Kenya: Voice of Reason That Calmed Down Warring Communities

At the height of the post-election violence, Youth United for Peace, a local NGO, was at the forefront of restoring sanity among the feuding groups.

By Eric Sande

Peace march NAIROBI---The Kenyan 2008 post election violence was a situation that left a country that has lived for over 40 years in peace soaked up in gross uncertainty and heightened ethnicity. It is said to having been perpetrated by political incitement and religious differences that escalated into formation of tribal cocoons.

Three years on, the restless country is feeling the effects of the intervention by the international community and local NGOs working around the clock to see the restoration of sustainable peace.   

“Collective will of the international community had stopped the post-election violence in Kenya from escalating to genocide levels”, said a United Nations official on January 19.

A  local NGO, Youth United for Peace (YUPK) based in Nairobi Kenya, started its operation in March 2008 through an intervention of Religious Superior Councils of Kenya (RSCK).

The evangelization department of RSCK launched the idea to involve the youth across the country to build peace in Kenya out of a desire to restore sanity that was fading away.

Their experience indulging in the exercise to bringing peace to the nation came with some challenges but left a great impact in resolving the stalemate.

“Kenyans were divided along ethnic lines and political connotations,” says the Josephat Khamasi, the YUPK project manager.
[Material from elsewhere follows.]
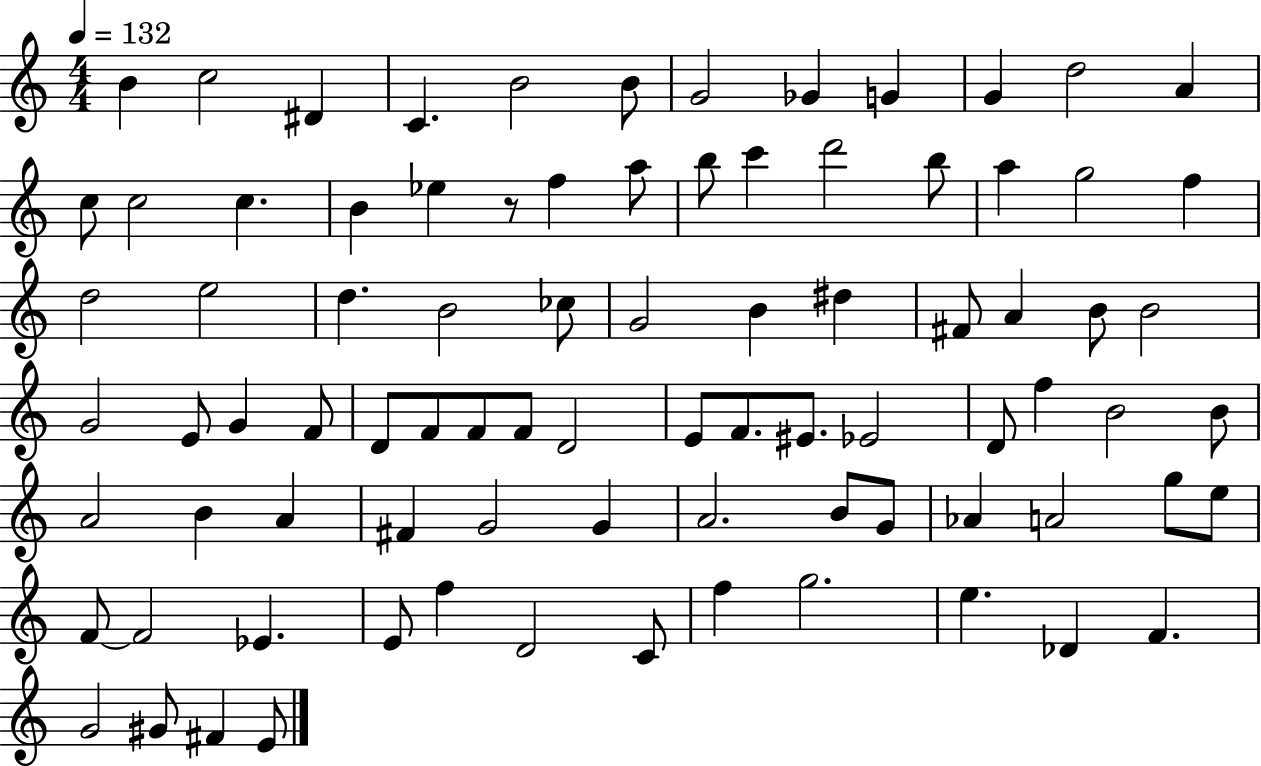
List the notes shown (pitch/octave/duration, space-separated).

B4/q C5/h D#4/q C4/q. B4/h B4/e G4/h Gb4/q G4/q G4/q D5/h A4/q C5/e C5/h C5/q. B4/q Eb5/q R/e F5/q A5/e B5/e C6/q D6/h B5/e A5/q G5/h F5/q D5/h E5/h D5/q. B4/h CES5/e G4/h B4/q D#5/q F#4/e A4/q B4/e B4/h G4/h E4/e G4/q F4/e D4/e F4/e F4/e F4/e D4/h E4/e F4/e. EIS4/e. Eb4/h D4/e F5/q B4/h B4/e A4/h B4/q A4/q F#4/q G4/h G4/q A4/h. B4/e G4/e Ab4/q A4/h G5/e E5/e F4/e F4/h Eb4/q. E4/e F5/q D4/h C4/e F5/q G5/h. E5/q. Db4/q F4/q. G4/h G#4/e F#4/q E4/e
“There was a direct and indirect involvement during the post election violence, direct involvement narrows down to the food crisis that hit the nation at the time and looting became rampant all because the state organs were unable to control the situation. Indirectly, organized groups could be seen live on Television mercilessly burning humans in their houses and churches,’’ added Khamasi.

The hot spot Rift valley was the nerve centre where YUPK staged these reconciliation efforts with the local communities. They worked closely with the area bishop’s office through the parishes to bring the message home.

Challenges

In dialogue forums, the two enemy camps could be seen keeping distance in their sitting arrangement which could be interpreted to the rooted volatile ethnicity wrangles at that time. The situation forced one of YUPK official from one  of the communities to change his names for security reasons and also to help him pursue the mandate that took him to the war torn region.

The local priests were also divided making their followers left with no choice but seek redress from their communities.

“The young men who were at the centre of the country’s mayhem were being manipulated by their parents and it was difficult to get them attend the forums” says Khamasi.

Some young men admitted to be given oaths by their parents in Nakuru with clear intentions to lure them into causing chaos and instill in their minds a notion that their rivals were the bad ones.

Khamasi reiterated that ,“We were at all times intimidated in our efforts to bring peace and only interventions from the church made us be at peace with the volatile regions”.

Warring communities perceptions

The Rift Valley natives argued that the people from Central Kenya who settled on their land (ancestral land) came illegally and could be seen to have interest in controlling their territory.

On the other hand the people from Central Kenya who settled in Rift Valley say that they legally bought land for the natives and they did not find any reason not to control their masses.

Other involvements

YUPK in its pursuit to bring peace in Kenya, has engaged in a number of activities. Last year, during the International Peace Day they participated in planning and mobilizing communities in Nairobi and around the country in conjunction with the national steering committee on peace building and conflict management in the Office of the President.

It has held a number of forums in peace building and reconciliation, civic education, dialogue and human rights activities.

In the recent past, YUPK in collaboration with Koinonia Action for Peace,  an initiative of Koinonia Community,  organized forums , trainings and a conference on children’s rights which culminated in a peace march at the heart of Kibera, one of sub- Saharan Africa’s largest slum settlement , besides being a hotspot during the 2008 post election violence.